AS Tahan WNI dengan Riwayat Kriminal

3 hours ago 1
AS Tahan WNI dengan Riwayat Kriminal Departemen Keamanan Dalam Negeri AS dalam akun X mengunggah foto wajah seseorang diduga WNI Chrissahdah TOOY.(X @DHSgov)

PIHAK Imigrasi dan Bea Cukai Amerika Serikat (ICE) menangkap seorang warga negara Indonesia (WNI) di Los Angeles atas dugaan keterlibatan sejumlah tindak kriminal. Demikian pengumuman Departemen Keamanan Dalam Negeri AS (Homeland Security) dalam akun X-nya, Sabtu (7/6).
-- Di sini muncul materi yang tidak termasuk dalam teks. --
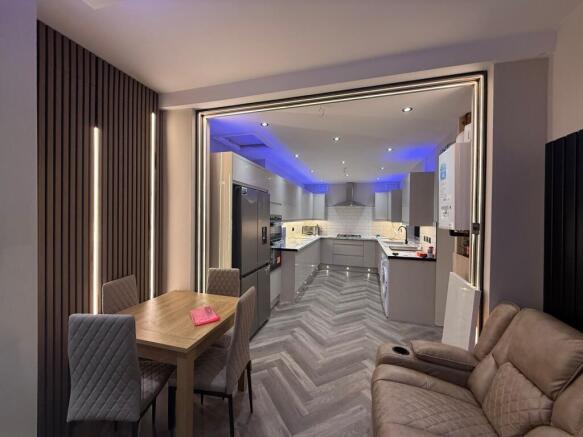 Stylish open-plan living and dining area openin...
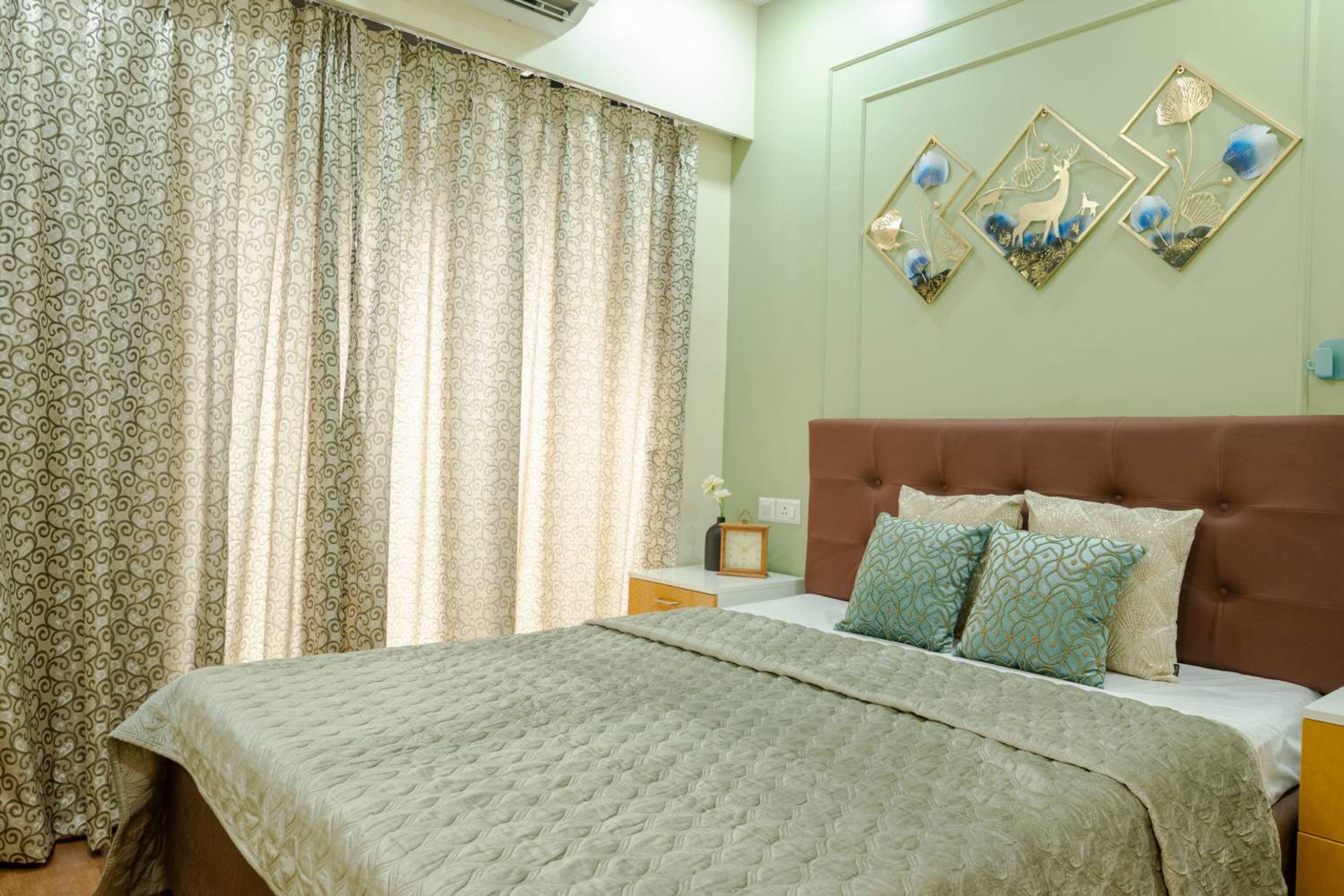 Bedroom Design with Green Walls and Brown Leather Headboard Bed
"Pada 7 Juni 2025, ICE Los Angeles secara administratif menangkap Chrissahdah TOOY, 48 tahun, warga negara Indonesia. TOOY memiliki riwayat kriminal yang mencakup vonis atas kasus narkotika, mengemudi di bawah pengaruh alkohol, dan masuk secara ilegal," tulis akun @DHSgov.

Tidak ada informasi tambahan yang diberikan terkait lokasi penahanan saat ini atau status hukum terkini dari TOOY. Namun, unggahan tersebut menampilkan foto wajah Chrissahdah TOOY yang tampak diambil dari sistem penahanan ICE. 

Penangkapan tersebut berlangsung di tengah meningkatnya ketegangan di wilayah Los Angeles menyusul rangkaian penggerebekan yang dilakukan agen ICE sejak awal Juni. KJRI Los Angeles sebelumnya telah mengeluarkan imbauan resmi kepada WNI untuk waspada.

“Sehubungan dengan situasi terkini di Los Angeles dan sekitarnya, KJRI LA mengimbau WNI untuk lebih berhati-hati dan menghindari daerah-daerah yang berpotensi terjadi bentrokan atau demonstrasi terkait isu anti-ICE,” demikian pernyataan KJRI Los Angeles.

Bentrok terus berlanjut

Sementara itu, ratusan pengunjuk rasa di Los Angeles untuk tiga hari berturut-turut terlibat bentrokan dengan polisi sebagai respons terhadap operasi penggerebekan imigrasi oleh otoritas federal di California.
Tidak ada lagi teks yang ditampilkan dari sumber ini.